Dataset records
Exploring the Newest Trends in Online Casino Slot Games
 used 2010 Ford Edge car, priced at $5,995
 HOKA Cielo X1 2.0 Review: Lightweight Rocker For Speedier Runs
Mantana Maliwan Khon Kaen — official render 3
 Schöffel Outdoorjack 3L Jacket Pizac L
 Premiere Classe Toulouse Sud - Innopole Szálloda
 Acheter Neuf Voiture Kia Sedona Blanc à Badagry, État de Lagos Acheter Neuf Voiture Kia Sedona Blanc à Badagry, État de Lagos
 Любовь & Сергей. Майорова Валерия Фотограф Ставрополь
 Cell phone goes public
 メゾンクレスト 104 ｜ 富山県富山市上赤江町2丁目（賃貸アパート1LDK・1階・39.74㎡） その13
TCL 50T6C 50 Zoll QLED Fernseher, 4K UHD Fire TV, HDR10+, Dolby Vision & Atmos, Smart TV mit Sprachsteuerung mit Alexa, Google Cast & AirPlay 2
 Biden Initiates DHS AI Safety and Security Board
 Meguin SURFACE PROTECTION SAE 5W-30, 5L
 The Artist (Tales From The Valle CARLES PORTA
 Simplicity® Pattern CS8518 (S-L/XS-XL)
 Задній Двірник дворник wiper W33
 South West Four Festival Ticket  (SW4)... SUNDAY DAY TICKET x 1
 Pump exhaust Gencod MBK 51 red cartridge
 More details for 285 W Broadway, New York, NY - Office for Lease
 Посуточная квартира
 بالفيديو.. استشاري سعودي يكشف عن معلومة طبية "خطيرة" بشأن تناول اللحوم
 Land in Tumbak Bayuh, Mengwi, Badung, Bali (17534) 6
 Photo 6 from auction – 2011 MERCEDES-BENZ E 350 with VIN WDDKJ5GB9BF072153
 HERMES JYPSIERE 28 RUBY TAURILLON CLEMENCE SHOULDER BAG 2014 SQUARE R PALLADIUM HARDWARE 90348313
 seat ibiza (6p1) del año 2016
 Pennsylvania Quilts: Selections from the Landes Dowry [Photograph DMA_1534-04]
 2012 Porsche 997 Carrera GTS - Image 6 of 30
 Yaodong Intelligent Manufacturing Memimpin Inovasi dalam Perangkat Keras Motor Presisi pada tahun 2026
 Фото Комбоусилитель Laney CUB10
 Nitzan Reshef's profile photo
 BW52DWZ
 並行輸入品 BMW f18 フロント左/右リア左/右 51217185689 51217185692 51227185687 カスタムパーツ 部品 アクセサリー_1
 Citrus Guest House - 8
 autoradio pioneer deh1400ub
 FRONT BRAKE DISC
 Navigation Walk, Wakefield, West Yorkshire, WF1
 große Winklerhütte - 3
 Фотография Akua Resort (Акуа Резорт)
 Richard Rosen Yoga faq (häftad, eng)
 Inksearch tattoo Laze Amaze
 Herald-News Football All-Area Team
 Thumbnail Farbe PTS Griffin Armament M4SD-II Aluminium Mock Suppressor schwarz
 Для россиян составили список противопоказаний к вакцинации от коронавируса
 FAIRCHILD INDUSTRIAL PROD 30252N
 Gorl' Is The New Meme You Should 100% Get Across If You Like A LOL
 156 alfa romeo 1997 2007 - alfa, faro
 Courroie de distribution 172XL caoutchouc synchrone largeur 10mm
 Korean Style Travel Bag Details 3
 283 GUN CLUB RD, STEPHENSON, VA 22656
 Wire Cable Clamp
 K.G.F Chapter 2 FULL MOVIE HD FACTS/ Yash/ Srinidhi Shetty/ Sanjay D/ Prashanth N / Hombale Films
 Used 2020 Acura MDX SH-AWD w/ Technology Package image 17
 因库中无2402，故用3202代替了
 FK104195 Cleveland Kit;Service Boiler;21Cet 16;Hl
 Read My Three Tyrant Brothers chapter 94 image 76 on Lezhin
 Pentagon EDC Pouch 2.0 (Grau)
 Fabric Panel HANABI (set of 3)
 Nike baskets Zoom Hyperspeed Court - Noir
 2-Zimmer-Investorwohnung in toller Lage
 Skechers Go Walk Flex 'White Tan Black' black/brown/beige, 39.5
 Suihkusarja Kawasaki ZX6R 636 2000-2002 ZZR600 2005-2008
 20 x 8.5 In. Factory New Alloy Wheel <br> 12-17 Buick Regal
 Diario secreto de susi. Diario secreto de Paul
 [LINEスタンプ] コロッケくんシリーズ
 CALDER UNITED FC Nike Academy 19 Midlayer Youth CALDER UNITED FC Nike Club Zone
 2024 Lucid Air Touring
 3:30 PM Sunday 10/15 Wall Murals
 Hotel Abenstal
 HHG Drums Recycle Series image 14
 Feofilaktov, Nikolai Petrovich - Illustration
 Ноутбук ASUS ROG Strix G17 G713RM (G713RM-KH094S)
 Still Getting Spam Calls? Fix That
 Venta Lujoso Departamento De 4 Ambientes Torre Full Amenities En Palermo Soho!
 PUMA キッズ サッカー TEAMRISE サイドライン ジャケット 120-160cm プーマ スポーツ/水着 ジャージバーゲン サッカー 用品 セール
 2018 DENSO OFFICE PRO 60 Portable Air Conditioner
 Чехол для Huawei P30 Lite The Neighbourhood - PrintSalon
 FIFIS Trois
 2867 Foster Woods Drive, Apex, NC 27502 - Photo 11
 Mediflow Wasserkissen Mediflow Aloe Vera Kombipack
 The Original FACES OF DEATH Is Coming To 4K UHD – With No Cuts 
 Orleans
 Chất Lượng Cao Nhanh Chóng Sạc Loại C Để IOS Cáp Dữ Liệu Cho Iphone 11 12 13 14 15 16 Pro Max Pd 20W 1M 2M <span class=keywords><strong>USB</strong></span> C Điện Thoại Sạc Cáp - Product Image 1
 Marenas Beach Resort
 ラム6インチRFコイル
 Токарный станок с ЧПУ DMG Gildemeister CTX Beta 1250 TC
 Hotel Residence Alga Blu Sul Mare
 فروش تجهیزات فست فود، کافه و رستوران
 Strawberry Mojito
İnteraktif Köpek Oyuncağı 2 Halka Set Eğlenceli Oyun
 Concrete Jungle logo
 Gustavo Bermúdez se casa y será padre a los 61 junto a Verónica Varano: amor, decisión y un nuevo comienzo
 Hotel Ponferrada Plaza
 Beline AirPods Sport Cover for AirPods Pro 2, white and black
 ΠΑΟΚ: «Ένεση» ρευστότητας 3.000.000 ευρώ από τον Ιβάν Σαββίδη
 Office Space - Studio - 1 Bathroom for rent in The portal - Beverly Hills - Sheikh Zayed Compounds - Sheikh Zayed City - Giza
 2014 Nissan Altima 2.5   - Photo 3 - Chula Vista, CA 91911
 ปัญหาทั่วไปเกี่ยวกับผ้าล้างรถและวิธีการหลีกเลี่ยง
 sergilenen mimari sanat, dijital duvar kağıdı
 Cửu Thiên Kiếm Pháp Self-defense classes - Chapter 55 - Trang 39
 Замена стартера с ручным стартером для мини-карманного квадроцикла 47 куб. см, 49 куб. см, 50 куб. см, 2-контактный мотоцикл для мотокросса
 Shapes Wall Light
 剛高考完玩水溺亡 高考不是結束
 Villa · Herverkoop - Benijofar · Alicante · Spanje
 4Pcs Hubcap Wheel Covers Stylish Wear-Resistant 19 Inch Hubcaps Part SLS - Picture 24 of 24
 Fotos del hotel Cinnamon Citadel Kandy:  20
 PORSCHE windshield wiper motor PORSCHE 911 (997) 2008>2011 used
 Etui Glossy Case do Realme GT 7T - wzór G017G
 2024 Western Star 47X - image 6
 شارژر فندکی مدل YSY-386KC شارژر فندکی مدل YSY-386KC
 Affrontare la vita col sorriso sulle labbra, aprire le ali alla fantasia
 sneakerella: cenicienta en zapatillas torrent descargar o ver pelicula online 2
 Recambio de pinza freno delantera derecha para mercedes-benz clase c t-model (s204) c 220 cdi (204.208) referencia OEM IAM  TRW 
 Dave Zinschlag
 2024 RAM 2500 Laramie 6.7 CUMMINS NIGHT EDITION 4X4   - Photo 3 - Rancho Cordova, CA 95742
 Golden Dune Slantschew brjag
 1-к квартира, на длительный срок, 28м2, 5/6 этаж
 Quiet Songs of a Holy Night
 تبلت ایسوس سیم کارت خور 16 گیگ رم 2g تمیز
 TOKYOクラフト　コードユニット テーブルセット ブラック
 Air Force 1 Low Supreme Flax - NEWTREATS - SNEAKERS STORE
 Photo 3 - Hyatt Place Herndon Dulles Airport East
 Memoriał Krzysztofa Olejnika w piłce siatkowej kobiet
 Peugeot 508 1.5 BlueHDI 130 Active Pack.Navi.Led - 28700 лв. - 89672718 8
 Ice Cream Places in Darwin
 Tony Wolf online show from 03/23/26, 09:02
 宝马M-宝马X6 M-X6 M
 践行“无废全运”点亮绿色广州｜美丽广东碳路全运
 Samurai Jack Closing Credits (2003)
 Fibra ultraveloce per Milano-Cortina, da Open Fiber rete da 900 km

- **TASK PROMPT**: Exact duplication is required for the lines above, from the line that contains "sergilenen mimari sanat, dijital" to the line that contains "Fotos del hotel", inclusive; omit all others.

- **SOLVED PROBLEM**:
 sergilenen mimari sanat, dijital duvar kağıdı
 Cửu Thiên Kiếm Pháp Self-defense classes - Chapter 55 - Trang 39
 Замена стартера с ручным стартером для мини-карманного квадроцикла 47 куб. см, 49 куб. см, 50 куб. см, 2-контактный мотоцикл для мотокросса
 Shapes Wall Light
 剛高考完玩水溺亡 高考不是結束
 Villa · Herverkoop - Benijofar · Alicante · Spanje
 4Pcs Hubcap Wheel Covers Stylish Wear-Resistant 19 Inch Hubcaps Part SLS - Picture 24 of 24
 Fotos del hotel Cinnamon Citadel Kandy:  20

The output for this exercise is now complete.